We find ourselves in different worlds now.
It is possible to be in the presence of someone and still feel alone. Or have your mind drift to someone, something, new in your life and think nothing of the person adjacent to you.
Nine years and nine and a half months later, I find myself in a weird space. I’m falling in love with something, maybe falling out of love with another. And maybe it isn’t that I’m falling out of love so much, so let me rephrase. I’m assuming my focus has simply shifted, my priorities lie elsewhere and I’m measuring this newfound love in correlation to what I’ve known love to be.
It was always the two of us, suppressing our innate passions to feed into the fervor of one another. But as the years went by, we grew comfortable with one another and yet, uncomfortable with ourselves for not meeting our own personal goals. We did what a lot of twenty-somethings, but most, thirty-something’s do – have children and build a family – but didn’t do what a lot of people our age accomplish and that’s actualize our dreams. I think the older our kids got and the more we stood firm in raising our children to be what they want to be, not what we want them to be, we started to ask ourselves, are we doing what we want to do?

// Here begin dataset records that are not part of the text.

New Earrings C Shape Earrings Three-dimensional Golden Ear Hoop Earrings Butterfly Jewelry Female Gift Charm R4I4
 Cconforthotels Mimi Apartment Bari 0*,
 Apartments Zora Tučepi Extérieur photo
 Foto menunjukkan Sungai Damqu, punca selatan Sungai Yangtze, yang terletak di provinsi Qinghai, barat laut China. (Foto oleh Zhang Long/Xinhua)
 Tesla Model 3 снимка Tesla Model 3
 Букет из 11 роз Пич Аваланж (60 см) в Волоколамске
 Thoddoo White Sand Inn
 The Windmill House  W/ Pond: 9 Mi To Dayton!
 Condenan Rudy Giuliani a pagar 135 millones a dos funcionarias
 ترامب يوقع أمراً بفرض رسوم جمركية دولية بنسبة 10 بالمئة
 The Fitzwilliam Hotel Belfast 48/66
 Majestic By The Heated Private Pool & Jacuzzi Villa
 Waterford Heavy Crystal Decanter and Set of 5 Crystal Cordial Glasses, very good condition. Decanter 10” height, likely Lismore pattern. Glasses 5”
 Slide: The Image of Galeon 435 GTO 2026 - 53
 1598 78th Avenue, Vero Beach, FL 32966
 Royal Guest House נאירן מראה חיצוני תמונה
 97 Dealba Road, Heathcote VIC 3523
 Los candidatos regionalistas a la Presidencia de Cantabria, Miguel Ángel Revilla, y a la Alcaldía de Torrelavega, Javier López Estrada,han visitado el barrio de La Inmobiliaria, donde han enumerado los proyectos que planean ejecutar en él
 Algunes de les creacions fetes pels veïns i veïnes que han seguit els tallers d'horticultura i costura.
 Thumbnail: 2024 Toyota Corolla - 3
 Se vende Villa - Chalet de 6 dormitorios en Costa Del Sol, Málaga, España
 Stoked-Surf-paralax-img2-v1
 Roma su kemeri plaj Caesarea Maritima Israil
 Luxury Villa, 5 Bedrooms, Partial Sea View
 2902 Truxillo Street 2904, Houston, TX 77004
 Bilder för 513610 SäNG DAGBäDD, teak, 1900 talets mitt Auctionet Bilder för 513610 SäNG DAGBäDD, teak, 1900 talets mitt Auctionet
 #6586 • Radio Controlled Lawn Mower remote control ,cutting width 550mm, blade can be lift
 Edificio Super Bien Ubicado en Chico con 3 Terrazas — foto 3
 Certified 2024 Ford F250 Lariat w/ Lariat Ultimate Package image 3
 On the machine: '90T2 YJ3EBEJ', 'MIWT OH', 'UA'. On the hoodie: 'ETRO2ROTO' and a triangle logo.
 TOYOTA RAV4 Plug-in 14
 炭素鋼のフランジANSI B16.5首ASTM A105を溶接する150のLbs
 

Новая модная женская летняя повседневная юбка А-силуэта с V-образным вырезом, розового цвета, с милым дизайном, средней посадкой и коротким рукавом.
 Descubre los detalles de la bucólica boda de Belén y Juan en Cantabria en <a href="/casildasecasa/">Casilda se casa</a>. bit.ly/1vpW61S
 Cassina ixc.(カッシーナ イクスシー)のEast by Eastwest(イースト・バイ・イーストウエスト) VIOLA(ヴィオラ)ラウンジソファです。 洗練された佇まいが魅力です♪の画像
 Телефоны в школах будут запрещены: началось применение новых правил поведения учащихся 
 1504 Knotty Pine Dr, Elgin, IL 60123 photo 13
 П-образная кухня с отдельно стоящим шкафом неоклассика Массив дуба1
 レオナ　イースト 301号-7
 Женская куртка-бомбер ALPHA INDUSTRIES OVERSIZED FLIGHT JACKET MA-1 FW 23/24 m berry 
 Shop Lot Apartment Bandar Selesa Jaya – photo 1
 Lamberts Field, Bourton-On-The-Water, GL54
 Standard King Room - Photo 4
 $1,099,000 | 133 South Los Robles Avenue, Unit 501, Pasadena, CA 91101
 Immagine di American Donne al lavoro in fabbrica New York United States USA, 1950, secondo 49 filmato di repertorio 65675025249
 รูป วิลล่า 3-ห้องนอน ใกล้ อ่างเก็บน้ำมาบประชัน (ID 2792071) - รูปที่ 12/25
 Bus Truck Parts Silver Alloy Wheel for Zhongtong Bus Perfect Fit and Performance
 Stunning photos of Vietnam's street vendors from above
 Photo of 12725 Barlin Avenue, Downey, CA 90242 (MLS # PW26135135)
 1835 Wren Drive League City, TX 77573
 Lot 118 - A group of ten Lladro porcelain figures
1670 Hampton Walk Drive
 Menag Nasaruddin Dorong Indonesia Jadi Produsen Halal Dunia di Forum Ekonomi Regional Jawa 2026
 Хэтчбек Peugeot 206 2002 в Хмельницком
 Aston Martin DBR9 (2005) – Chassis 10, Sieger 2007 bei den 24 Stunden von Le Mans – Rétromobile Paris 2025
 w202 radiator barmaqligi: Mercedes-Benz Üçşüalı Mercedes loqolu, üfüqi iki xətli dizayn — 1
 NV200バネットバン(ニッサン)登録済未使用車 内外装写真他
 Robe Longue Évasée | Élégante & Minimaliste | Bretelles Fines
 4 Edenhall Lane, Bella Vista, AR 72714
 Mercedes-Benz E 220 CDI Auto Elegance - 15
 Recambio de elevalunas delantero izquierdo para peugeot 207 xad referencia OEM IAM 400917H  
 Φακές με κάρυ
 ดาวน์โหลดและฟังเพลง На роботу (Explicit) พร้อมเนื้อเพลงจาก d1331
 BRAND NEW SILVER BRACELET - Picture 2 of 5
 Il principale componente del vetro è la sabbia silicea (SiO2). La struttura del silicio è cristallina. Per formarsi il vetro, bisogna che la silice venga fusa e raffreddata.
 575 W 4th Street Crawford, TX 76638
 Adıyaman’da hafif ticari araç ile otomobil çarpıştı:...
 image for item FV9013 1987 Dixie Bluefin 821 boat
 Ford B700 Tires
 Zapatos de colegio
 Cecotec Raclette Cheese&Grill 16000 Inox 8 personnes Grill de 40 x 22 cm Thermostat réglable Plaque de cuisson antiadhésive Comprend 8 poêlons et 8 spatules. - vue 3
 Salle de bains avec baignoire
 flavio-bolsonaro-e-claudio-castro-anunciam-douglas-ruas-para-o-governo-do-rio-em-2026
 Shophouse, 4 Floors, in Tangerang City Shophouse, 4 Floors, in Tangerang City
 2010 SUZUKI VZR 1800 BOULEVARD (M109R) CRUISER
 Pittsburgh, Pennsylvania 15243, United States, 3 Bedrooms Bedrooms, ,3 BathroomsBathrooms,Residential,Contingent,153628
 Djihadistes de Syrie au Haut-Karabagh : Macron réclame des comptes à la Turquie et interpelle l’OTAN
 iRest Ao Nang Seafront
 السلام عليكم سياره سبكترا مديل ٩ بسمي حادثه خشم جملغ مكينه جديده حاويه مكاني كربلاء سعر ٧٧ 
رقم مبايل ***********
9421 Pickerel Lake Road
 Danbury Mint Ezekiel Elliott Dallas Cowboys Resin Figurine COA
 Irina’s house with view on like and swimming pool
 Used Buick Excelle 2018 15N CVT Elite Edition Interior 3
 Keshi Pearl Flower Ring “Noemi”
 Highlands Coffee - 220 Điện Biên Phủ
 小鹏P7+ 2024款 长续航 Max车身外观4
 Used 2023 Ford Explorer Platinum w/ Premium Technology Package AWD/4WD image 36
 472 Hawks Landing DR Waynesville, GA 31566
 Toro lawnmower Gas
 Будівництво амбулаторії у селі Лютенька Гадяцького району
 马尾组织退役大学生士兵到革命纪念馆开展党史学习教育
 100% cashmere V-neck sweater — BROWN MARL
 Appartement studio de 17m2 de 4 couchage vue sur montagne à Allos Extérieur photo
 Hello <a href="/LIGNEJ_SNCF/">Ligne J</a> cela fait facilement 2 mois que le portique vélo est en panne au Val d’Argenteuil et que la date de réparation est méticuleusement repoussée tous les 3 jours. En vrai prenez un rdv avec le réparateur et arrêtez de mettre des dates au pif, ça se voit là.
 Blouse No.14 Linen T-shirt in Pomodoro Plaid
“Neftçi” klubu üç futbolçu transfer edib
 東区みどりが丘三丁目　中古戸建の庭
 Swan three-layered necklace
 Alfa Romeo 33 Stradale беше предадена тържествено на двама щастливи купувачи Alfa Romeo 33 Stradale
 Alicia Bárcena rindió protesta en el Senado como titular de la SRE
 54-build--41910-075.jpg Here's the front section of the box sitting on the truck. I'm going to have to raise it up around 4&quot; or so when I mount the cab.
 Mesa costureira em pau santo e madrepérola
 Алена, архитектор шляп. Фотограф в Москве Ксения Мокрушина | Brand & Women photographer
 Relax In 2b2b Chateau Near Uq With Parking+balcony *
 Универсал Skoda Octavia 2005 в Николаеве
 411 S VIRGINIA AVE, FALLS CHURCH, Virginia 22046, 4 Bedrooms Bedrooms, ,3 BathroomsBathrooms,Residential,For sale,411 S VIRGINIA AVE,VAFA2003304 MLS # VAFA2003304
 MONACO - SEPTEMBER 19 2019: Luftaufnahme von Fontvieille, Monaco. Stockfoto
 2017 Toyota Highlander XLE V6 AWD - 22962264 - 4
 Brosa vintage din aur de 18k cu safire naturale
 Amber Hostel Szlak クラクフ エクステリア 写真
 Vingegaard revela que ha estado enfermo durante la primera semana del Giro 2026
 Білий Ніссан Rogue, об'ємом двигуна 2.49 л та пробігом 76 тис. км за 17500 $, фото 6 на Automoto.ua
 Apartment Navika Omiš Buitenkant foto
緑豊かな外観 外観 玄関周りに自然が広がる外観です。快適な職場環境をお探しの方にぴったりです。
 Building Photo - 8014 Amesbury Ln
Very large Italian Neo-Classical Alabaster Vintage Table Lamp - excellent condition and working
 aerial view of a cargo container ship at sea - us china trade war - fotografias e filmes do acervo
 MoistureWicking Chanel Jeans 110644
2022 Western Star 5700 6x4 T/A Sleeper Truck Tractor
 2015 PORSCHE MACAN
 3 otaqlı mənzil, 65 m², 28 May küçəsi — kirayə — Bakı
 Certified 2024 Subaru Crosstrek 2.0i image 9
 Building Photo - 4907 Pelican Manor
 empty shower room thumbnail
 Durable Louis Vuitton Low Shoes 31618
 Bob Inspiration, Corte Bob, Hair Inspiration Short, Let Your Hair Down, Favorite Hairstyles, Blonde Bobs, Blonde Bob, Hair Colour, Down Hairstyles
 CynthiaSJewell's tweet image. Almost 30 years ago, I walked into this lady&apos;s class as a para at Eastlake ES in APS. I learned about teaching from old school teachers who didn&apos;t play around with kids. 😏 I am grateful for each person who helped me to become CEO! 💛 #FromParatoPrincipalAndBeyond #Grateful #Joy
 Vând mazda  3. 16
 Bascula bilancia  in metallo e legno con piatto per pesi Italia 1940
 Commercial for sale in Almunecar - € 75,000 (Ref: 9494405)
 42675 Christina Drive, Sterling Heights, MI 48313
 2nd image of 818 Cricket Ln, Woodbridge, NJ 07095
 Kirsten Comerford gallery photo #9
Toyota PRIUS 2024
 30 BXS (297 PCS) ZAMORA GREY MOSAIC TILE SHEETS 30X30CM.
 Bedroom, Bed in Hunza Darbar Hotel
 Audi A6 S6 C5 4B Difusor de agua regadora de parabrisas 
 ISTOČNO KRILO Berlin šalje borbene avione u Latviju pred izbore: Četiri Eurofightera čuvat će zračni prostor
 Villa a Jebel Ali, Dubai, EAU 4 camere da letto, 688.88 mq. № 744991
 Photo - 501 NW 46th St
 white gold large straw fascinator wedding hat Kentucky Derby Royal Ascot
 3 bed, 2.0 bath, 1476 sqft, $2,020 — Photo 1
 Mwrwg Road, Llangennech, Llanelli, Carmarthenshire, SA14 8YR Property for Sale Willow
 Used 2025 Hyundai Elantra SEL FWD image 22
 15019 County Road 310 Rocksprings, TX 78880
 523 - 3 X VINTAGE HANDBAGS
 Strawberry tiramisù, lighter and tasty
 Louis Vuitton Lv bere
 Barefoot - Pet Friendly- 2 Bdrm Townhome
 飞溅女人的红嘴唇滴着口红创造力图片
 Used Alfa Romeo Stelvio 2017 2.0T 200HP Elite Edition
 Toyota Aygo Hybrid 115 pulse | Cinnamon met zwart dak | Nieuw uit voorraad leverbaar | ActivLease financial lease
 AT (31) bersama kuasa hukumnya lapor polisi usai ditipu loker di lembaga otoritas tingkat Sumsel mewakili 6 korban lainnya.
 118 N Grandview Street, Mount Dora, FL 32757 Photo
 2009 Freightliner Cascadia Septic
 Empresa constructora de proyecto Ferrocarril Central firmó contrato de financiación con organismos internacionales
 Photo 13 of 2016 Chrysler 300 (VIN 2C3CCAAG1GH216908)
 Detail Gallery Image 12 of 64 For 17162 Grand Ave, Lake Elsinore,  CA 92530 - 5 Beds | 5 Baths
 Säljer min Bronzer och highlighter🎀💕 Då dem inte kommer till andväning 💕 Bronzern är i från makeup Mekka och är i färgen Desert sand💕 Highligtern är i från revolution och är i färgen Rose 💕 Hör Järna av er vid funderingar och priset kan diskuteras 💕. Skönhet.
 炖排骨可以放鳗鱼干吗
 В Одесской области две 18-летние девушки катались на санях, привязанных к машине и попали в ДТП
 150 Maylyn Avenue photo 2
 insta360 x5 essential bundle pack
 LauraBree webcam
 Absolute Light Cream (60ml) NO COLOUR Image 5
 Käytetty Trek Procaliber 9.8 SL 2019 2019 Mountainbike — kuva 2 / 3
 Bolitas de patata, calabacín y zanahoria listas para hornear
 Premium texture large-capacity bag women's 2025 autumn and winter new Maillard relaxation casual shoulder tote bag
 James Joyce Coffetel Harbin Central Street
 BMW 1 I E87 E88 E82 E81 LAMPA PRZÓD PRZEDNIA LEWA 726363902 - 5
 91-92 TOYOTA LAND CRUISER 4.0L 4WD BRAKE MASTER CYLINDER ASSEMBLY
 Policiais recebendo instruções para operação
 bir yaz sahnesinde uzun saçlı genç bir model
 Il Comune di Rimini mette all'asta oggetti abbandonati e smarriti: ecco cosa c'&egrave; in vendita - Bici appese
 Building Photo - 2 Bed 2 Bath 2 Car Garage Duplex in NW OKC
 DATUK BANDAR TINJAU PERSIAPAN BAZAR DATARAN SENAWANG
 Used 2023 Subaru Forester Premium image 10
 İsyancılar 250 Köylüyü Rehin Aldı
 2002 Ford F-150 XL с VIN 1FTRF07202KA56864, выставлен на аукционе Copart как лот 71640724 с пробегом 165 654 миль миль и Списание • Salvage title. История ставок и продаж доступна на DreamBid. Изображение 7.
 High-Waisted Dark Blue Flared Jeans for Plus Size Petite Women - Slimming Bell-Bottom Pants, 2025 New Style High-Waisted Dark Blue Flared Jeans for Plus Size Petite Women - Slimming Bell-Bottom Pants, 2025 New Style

I’ll be honest and admit, I had those moments of “putting my life on hold for a bit when I had children” and focusing on just my family, catering to the kids and their needs and meeting the upspoken demands of my partner. But something happens when you echo those words to the little person staring back at you, that looks just like you, to do what you love. And when it’s late at night and you’re fighting the urge to pick up a pen but can’t because you have to get up early in the morning and be someone’s mom, followed by someone’s employee, again, you ask yourself, well? Are you doing it? Is someone stopping you or are you stopping yourself?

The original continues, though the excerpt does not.